▶ [Task to complete]: Set the pictures aside and write down, exactly as they appear, the lines from the one containing "Couple sharing a" through the end of the material.

▶ [Information provided]:
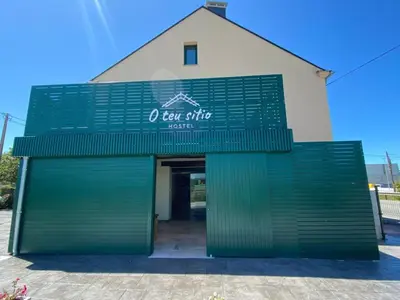 a green store front with a green garage door at O TEU SITIO in Ribadeo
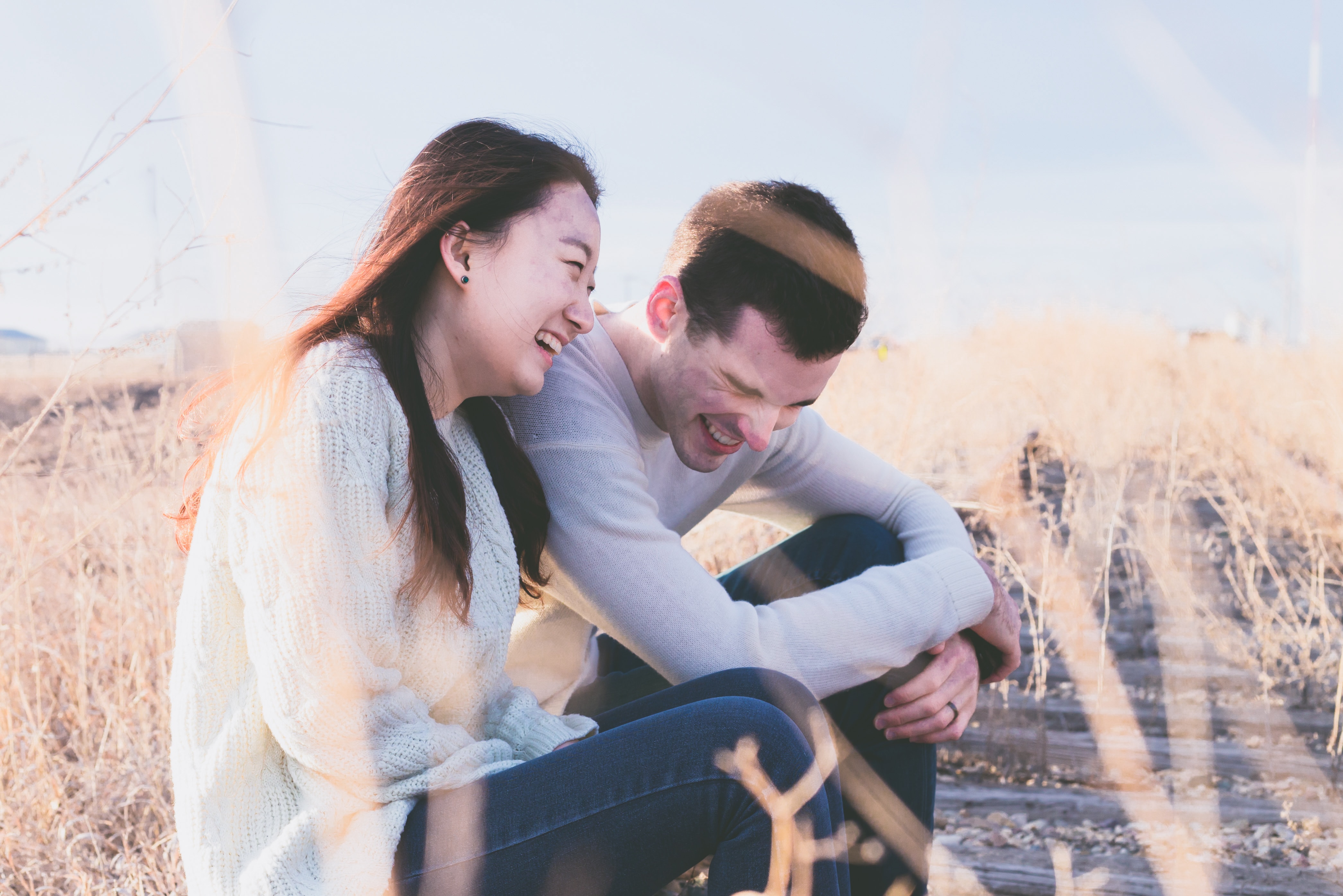 Couple sharing a hearty laugh | Source: Unsplash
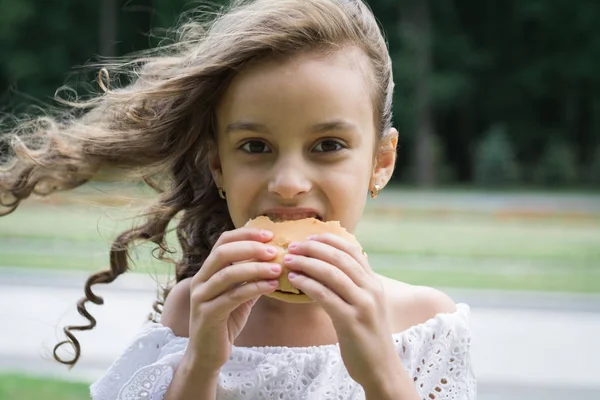 Carino bambina mangiare fast food hamburger — Foto Stock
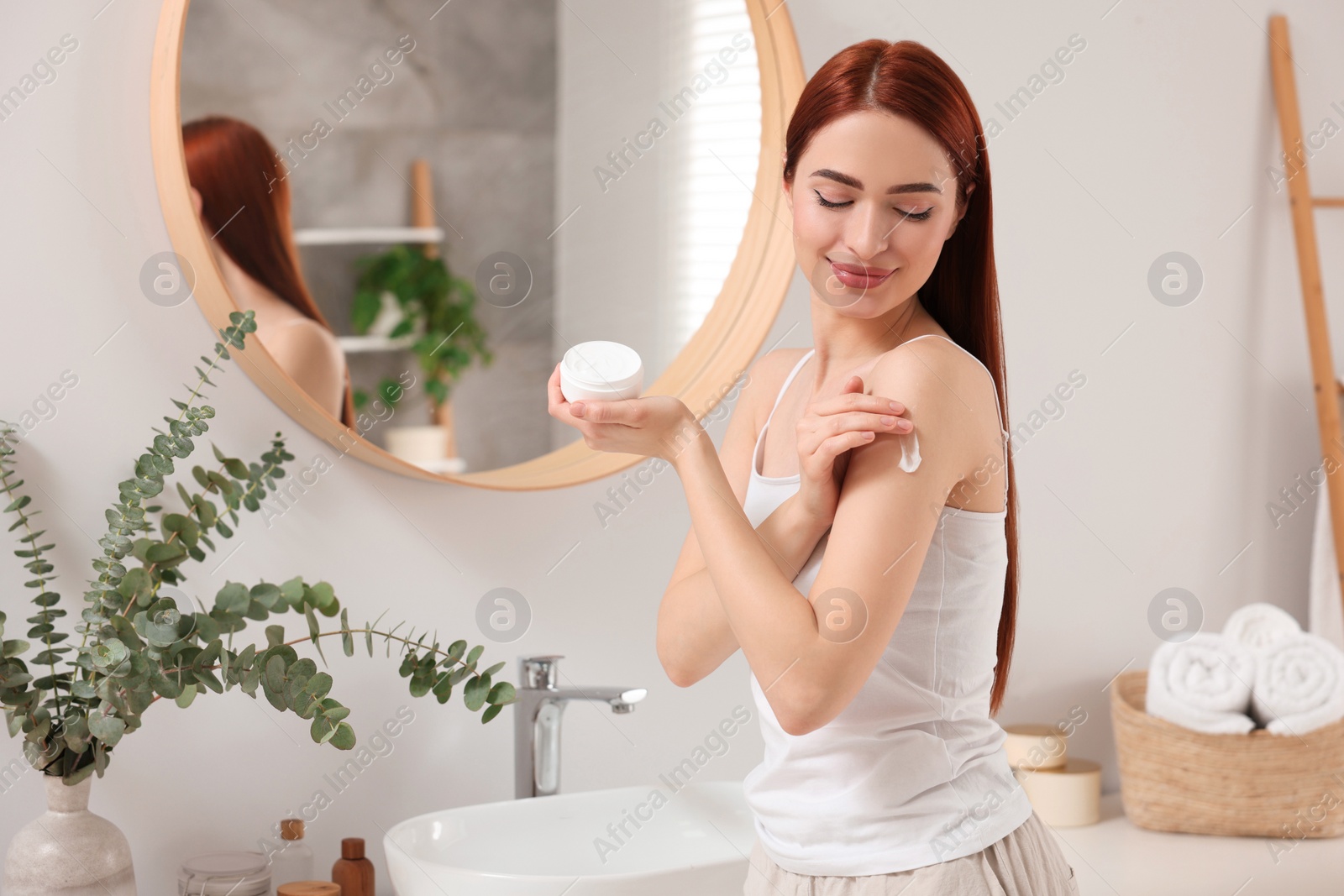 Photo of Beautiful young woman applying body cream onto shoulder in bathroom, space for text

▶ [Response below]:
 Couple sharing a hearty laugh | Source: Unsplash
 Carino bambina mangiare fast food hamburger — Foto Stock
 Photo of Beautiful young woman applying body cream onto shoulder in bathroom, space for text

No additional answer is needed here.